Creators say we shouldn’t worry about being replaced yet
There is a new breed of bot accounts coming to Twitter, but these aren’t put there by Russia or the CIA or whoever else is trying to influence an election. They’re novelty accounts, posting large quantities of tweets that mimic the style of existing users.
Twitter user @kingdomakrillic runs one of these accounts. He asked to only be referenced by his Twitter account. His parody account, @dril_gpt2, sends out a new tweet in the style of @dril several times a day. @dril is a somewhat mysterious, absurdist comedy account that posts their jokes from behind the pseudo-anonymity of a profile image of an incredibly blurry Jack Nicholson. @kingdomakrillic explains their reasoning for choosing @dril to imitate.
“I wanted to do a GPT-2 bot of someone who was both famous and whose voice on Twitter was near-exclusively comedic,” he says. “If I did, say, a Trump bot, the only humor would come from the novelty of a bot generating Trump-like tweets.”
These imitation @dril tweets can be shockingly on-brand yet original at times. It’s not uncommon to see replies wondering if the tweets from the account are still created by a bot.
@kingdomakrillic assures me the tweets are bot-written but hand-selected.
“Curating the tweets is like DJing. I pace the content out, placing tweets I’m sure are funny next to ones I’m more uncertain about,” @kingdomakrillic says. “Sometimes I screw up. It’s a skill, not 1/10th of the skill that goes into actually writing tweets like dril’s, but it’s still something I need to improve on. There’s no excuse to post duds when you can output infinite text.”
That infinite text doesn’t come from nowhere. It comes from GPT-2, a language model created by OpenAI, a research group with a focus on machine learning.

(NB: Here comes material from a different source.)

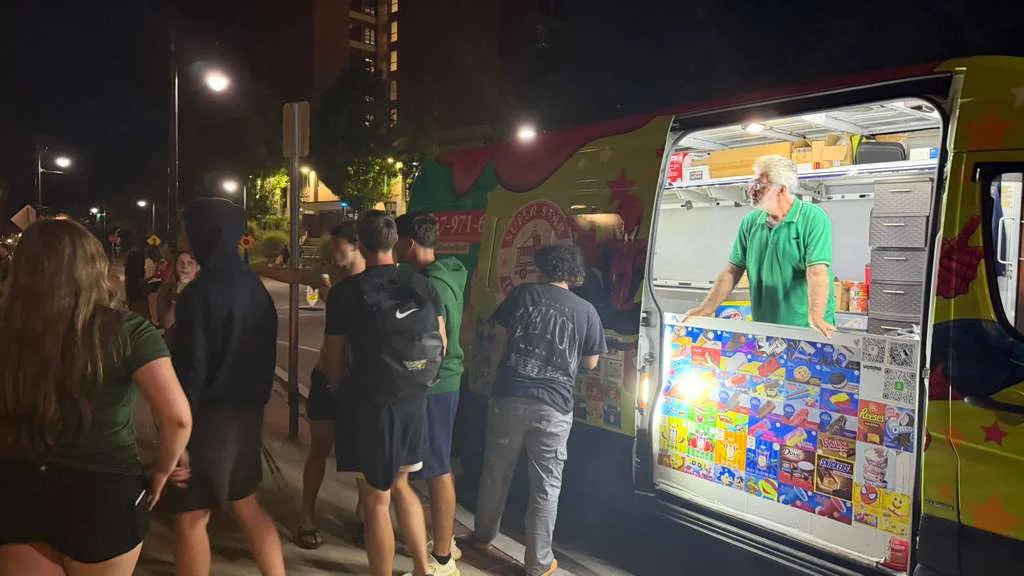 Ice cream truck rental in Yarmouth MA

Sherrene Bogle is a computer science professor at HSU with experience using machine learning. Conceptually, teaching an algorithm how to do something is a lot like teaching a person. Bogle uses the example of teaching an algorithm to recognize whether a bird is in the foreground or the background of an image. First the algorithm is given a set of bird pictures that are already labeled as to whether the bird is in the foreground or background, allowing it to figure out the differences. Then it’s given unlabeled bird images, where it looks for those same differences. The difference between a human in a machine doing this task is that the machine doesn’t actually understand what it’s doing. The machine simply recognizes patterns.
Instead of looking for where birds are in pictures, GPT-2 looks for patterns in text. It’s job is to predict not just the next word, but the next couple paragraphs. GPT-2 is so good at this task that it can make paragraphs of human-readable text after being given only a handful of words. The output text can be about anything, but in order to generate text that mimics the style of a Twitter user, programmers need to retrain the model.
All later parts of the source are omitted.